Google has engineering facilities in Hyderabad and Bangalore, apart from sales offices in Mumbai and Gurgaon. Some of the projects underway in India include Map Maker and Geo. There are opportunities not only for engineers and programmers but even salespeople, product managers, interaction designers and more.
Jayashri elaborates, “The ability to work with a team is critical irrespective of whether you are in engineering, sales or even HR, as we rely heavily on collaboration. The ability to deal with change in a fast paced environment is also typically what we look for. Somebody who is used to being at a senior level in a hierarchical setup will probably find difficult to adjust. We are very fl at and don’t believe in too many hierarchies. The ability to deal with a fl at kind of structure is something that we typically look for. Another important aspect is strong coding skills. We look for people who are very much in touch with coding. At Google even managers spend a lot of time coding.” Apart from technical skills and aptitude they also give preference to people with well-rounded personalities. They look for people who are passionate about some hobby or talent—anything from music to trekking or even a socially relevant project.
Joining the ranks
You might have heard stories about the elaborate interview process at Google, which can take a couple of months. Jayashri explains that it’s just a precaution. She says, “I wouldn’t say that it is easy, but for the right candidate with the right skills whose fundamentals are good, Google is certainly an option. We take our interview process seriously, because we believe that if we hire the right people then most things fall into place. If that means going through more rounds of interviews, then so be it. We like to do due diligence in terms of getting feedback from people within Google about a candidate before we take the final decision.
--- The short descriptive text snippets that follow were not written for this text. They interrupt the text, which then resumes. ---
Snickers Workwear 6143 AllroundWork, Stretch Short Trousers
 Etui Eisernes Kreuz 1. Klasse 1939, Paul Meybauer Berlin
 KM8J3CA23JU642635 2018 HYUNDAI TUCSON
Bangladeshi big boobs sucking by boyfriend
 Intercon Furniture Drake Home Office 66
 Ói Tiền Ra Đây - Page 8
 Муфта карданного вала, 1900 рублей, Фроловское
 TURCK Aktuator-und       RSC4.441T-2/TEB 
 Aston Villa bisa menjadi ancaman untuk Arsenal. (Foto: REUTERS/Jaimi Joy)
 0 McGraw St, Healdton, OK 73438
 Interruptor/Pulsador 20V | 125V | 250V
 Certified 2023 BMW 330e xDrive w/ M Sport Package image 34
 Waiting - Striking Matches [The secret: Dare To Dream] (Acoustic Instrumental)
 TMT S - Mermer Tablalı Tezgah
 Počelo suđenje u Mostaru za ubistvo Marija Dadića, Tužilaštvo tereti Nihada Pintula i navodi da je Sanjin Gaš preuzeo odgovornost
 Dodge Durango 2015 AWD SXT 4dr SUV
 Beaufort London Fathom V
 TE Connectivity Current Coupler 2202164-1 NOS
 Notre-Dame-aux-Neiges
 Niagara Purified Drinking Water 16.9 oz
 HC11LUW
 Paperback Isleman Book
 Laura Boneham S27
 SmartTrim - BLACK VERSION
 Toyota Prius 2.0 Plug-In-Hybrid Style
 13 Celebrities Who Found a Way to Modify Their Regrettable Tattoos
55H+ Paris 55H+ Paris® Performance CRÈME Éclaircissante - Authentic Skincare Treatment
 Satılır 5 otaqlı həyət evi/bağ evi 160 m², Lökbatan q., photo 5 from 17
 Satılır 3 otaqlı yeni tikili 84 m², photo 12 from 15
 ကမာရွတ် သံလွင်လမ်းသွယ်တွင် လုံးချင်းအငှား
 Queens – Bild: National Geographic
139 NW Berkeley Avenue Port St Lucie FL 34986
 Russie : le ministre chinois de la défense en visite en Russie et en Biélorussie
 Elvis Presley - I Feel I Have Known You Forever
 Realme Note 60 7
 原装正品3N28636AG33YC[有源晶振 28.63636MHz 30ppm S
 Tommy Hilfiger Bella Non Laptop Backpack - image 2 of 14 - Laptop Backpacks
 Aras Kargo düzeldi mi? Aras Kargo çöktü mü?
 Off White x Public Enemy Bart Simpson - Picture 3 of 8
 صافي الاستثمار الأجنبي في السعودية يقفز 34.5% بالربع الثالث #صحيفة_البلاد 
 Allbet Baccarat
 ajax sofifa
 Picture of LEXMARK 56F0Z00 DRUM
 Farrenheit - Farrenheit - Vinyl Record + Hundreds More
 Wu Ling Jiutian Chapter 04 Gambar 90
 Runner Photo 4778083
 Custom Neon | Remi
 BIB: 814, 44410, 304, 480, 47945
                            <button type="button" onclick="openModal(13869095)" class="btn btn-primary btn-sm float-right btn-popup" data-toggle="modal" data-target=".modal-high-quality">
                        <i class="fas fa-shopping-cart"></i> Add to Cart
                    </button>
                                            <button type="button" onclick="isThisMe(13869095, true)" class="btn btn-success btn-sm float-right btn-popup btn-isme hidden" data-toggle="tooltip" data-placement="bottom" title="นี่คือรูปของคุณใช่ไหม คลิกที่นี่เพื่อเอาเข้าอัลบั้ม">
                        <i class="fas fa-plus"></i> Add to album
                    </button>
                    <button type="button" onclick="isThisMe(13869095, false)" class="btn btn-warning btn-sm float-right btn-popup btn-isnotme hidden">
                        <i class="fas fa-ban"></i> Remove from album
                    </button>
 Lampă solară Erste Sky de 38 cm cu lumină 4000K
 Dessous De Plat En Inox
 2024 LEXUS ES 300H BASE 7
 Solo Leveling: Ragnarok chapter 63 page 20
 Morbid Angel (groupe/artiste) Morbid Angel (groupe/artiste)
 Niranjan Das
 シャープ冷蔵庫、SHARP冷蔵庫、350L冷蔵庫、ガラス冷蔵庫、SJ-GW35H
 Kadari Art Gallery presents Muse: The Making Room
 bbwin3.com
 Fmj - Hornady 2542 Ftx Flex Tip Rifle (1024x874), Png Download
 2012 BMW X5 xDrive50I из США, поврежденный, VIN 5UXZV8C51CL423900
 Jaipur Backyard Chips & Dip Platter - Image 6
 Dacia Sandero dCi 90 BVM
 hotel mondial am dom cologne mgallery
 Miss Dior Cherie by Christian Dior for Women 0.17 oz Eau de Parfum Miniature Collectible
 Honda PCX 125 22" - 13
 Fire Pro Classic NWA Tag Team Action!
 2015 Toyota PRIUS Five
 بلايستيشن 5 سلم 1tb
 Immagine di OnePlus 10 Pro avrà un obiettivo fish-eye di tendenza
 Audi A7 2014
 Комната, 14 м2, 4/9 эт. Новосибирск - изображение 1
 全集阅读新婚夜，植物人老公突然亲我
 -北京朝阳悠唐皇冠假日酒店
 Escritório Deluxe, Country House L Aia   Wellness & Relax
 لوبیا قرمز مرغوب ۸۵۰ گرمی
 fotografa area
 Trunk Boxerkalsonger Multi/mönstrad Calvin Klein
So we take our time over every hire, but we try to keep the candidate informed as much as possible about expected timelines”. She states further, “Typically, a candidate goes through about four rounds of interviews. For freshers we have a written test as well. The level of expectations is different for a college student than for someone who is experienced. But even they go through a fairly detailed process. We visit college campuses and even have students approaching us directly. Even they go through multiple rounds of interviews and the process is more or less the same.”
Interning with Google
Google is a great place for internships. If you are able to prove your mettle then you might be absorbed into the company. Jayashri says, “Ideally we would like to have longer internship projects, as then that gives us an opportunity to give them more long drawn out projects. So we do go to colleges and solicit applications and we also interview people for internships. We take our internships very seriously and give projects that are meaningful, because this is a very good source of data for us. We evaluate the internship projects and those who have done well end up becoming full time Googlers. Even in that case they have to go through interviews.”
Google as a workplace
Google offices are well known for the facilities provided to employees. “People have a lot of fun working, but a lot of serious work happens behind all that fun. We encourage innovation irrespective of which function one is in, not just engineering, but across the organisation. So I would say it’s an innovative, fun kind of organisation, but there is also a lot of transparency and collaboration. There is a lot of internal mobility; we have people moving from one role to another, which may be very diverse even in geography. We encourage people to move, we provide them with the tools that will enable them to do so and we make them aware of the opportunities”.